Here is the Savills World Cities Prime Residential Index 2019, which explores the latest movements within the most established prime markets around the world

We track capital and rental values, examine yields and the impact of currency.

We define the prime market as properties in the top 5% of the market by price. All our cities have a big global pull on business and visitors, and most rank highly on the numerous global measures. Their key qualification is an active and growing prime residential market, which attracts international investors and occupants.

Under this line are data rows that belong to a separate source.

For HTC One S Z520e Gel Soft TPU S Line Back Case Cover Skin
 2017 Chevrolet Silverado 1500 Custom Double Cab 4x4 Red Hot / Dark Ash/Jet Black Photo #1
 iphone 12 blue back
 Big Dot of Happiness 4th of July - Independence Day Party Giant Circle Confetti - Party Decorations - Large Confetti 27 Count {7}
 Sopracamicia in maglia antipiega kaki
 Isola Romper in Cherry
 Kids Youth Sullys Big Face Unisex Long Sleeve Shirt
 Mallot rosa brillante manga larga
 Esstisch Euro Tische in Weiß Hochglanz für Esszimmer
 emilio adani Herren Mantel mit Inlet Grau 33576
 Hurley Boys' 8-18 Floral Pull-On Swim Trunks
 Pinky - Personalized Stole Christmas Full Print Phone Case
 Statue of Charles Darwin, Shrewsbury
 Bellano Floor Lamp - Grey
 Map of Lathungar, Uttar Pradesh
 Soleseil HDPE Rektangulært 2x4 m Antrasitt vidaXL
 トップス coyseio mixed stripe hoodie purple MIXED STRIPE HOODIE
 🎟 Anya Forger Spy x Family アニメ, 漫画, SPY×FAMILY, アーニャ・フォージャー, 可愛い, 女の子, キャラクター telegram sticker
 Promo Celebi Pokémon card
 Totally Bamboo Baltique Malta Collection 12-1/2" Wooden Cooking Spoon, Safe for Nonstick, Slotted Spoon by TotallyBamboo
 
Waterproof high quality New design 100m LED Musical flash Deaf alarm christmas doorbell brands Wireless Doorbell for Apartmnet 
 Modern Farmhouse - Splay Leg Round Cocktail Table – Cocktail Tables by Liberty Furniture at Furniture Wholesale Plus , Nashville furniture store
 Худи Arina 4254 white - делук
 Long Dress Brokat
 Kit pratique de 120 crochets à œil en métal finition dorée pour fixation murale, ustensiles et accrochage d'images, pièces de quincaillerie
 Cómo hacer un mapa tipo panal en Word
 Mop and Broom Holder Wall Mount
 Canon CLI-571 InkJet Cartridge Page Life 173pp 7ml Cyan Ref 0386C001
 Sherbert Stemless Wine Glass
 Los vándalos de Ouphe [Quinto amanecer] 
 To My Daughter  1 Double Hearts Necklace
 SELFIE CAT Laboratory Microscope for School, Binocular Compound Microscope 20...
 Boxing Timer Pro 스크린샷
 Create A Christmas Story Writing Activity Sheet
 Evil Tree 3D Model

  • Price growth across the world’s leading prime city housing markets slowed significantly in the second half of 2018. The Savills World Cities Prime Residential Index recorded the weakest annual increase since the global financial crisis.
  • The price of prime property across the different cities varies considerably, ranging from US$4,670 per sq ft in Hong Kong to US$730 per sq ft in Madrid.
  • Rental growth also slowed in 2018 across the prime residential city markets. But unlike capital values, there was slightly higher growth in the second half of the year compared with the first half.
  • Prime residential yields have been falling since 2011, but the rate of decreases has slowed. Chinese cities are the lowest yielding. Miami and Los Angeles are the highest.
  • As cities reach maturity on the world stage, there is likely to be less potential for high price growth and we expect prime residential markets to settle into a steadier growth trend over the foreseeable future.
Figure 1

The world’s top 17 cities for prime residential property
Methodology: Prices for each city are based on a sample of properties. Where appropriate, we have adjusted the sample to ensure it is representative of each city’s prime market. All price movements are in local currency unless stated otherwise. Currency exchange rates are as of the 15th of the month stated.

Where is the most expensive city in the world?

Figure 3

Prime residential values in December 2018 (in US$ per sq ft)
Source: Savills Research

In terms of price, Hong Kong remains in a league of its own, having dominated the Index over the past 10 years. Average prime residential values now stand at US$4,670 per sq ft, 56% higher than second-ranked Tokyo. New York and London complete the top four rankings, while Shanghai takes fifth spot from Sydney, where values slipped.

In Europe, the most expensive city is London (fourth overall) followed by Paris (ninth overall) and Moscow (13th overall). Prime properties in Berlin and Madrid are relatively good value in comparison, with prices 42% and 52% lower than Paris respectively.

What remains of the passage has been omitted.